Embree helps churches consider ways they can strengthen cross-generational bonds so that young people feel supported and held by their church community. It looks a little different for every congregation — size, demographics, and facilities all shape what’s possible. But two things are critical every time: prayer and service.
For instance, she has orchestrated intergenerational prayer partners, using Tony Souder’s “Pray for Me” campaign. Children in the church make three bookmarks with their prayer requests at the start of a new school year. The children are then invited, with the help of their parents, to pass out the book marks to adults from different age groups — perhaps a young adult, someone their parents’ age, and someone their grandparents’ age — to pray for them throughout the year. Not only do the children feel supported, Embree said, but then when there’s chattering during the sermon, adults can think less about the noisy kid, and instead be reminded to ask how she did on the test she was so nervous about.

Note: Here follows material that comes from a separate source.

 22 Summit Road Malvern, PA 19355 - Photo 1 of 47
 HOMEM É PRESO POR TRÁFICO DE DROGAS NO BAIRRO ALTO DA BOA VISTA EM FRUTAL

Likewise, church service projects, like clean-up days, can be sorted into age-appropriate activities, with opportunities for adults to show children and teenagers how to weed, paint, and use various tools. Next Sunday, instead of a quiet teen avoiding eye-contact, adults might see the young man who lit up when he learned to use a chainsaw during a brush haul.
Prayer and service are two of the best relationship building opportunities, and it’s relationships that form long lasting connections to the church, Embree said.
Gline Allen added that thinking about both children’s and adults’ ministries as creating ideal environments for transmitting orthodoxy or having a curated worship experience is a mistake. Prioritizing teaching and comfort to the exclusion of intergenerational connections gives the impression that lives of faith are primarily about what we know and feel rather than how we live in community and show love to each other.
Embree pointed out that age-segregation is not the same as having affinity-based ministries in the church throughout the week, or in addition to corporate worship. Hosting groups based on a shared interest in church history, hiking, or a need to talk through divorce with others who have experienced it is different than creating entirely different ministries and Sunday experiences around stages of life.
The consequences of our lost intergenerational connections are myriad throughout society, but both Embree and Gline Allen believe the church has an opportunity in front of it to rethink the models that have a single generation life-span. By setting clear sights on whole-family ministry and services that prioritize the inclusiveness of the body of Christ, it’s possible to find each other again.